PKA, the €15bn Danish pensions giant, plots microfinance move

Fund also battles Danish press allegations about investment holdings.

Pensionskassernes Administration (PKA), the DKK111bn (€14.9bn) Danish pension fund manager, is planning a move into microfinance, according to Peter Damgaard Jensen, its chief executive.
Speaking on a panel at a conference in London organised by Hermes, the UK fund manager, Damgaard Jensen said the giant Danish fund was likely to invest via a private-equity type exposure to microfinance, in order to avoid what he said were relatively high costs in “reaching the end customer”. He said PKA had already made investments in solar energy, cleantech, wind power and recycling, partly in response to pressure from its fund members.
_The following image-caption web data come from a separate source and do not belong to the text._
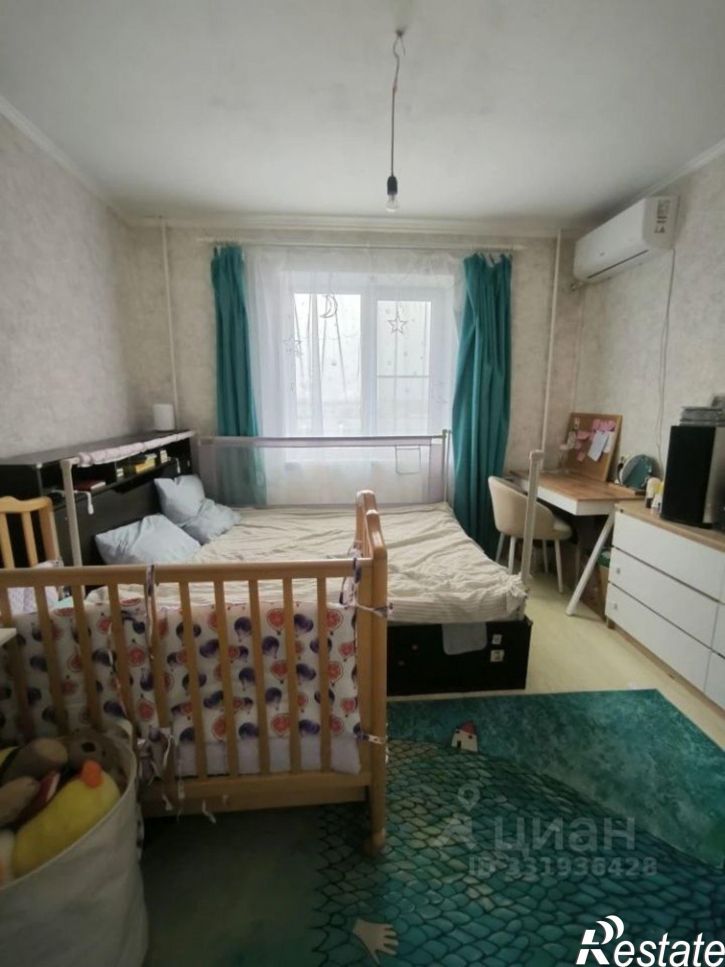 2-комн квартира ул Новосибирская, 55,  д. 55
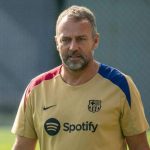 Hansi Flick, Barcelona's Manager, Aims to Register New Players Before La Liga Starts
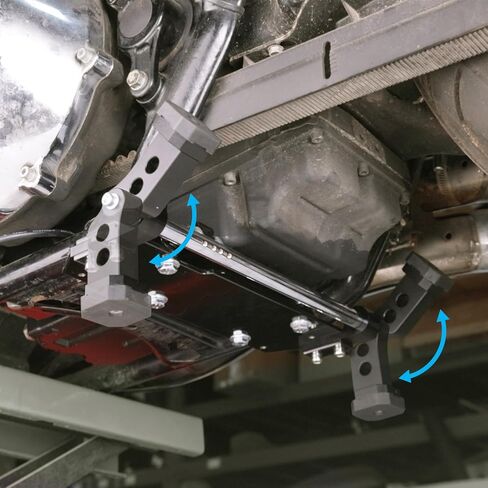 XMT-Moto Electric Center Stand مجموعة Harley Davidson Harley Road King Street Electra Glide Bagger 2009-2016 in Kuwait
PKA will join a growing number of large European pension funds that have made allocations to microfinance, including PGGM, the €75bn Dutch pension fund asset manager, which has committed €200m to the asset class.Separately, PKA, which administers the assets of eight occupational schemes, has faced criticism in the Danish press for investing in companies blacklisted by DanWatch, a Danish financial watchdog. DanWatch singled out PKA investments in companies including L3 Communications in the US, Bridgestone, the tyre company, Safran, the French defence company, and Dong Feng, the Chinese car manufacturer. DanWatch said the companies had all been blacklisted by three other Nordic pension funds.PKA told that it had investigated L3’s involvement in the production of parts for cluster munitions but decided against any action. Safran, it said, had been placed on watch over its relation to arms manufacturers. It said Dong Feng, which DanWatch alleges has supplied military equipment to the Burmese junta, has also been put on the observation list and PKA said it would engage with the company, but sell the shares if unsuccessful. PKA said allegations levelled against Bridgestone of using child labour in Liberia would be investigated.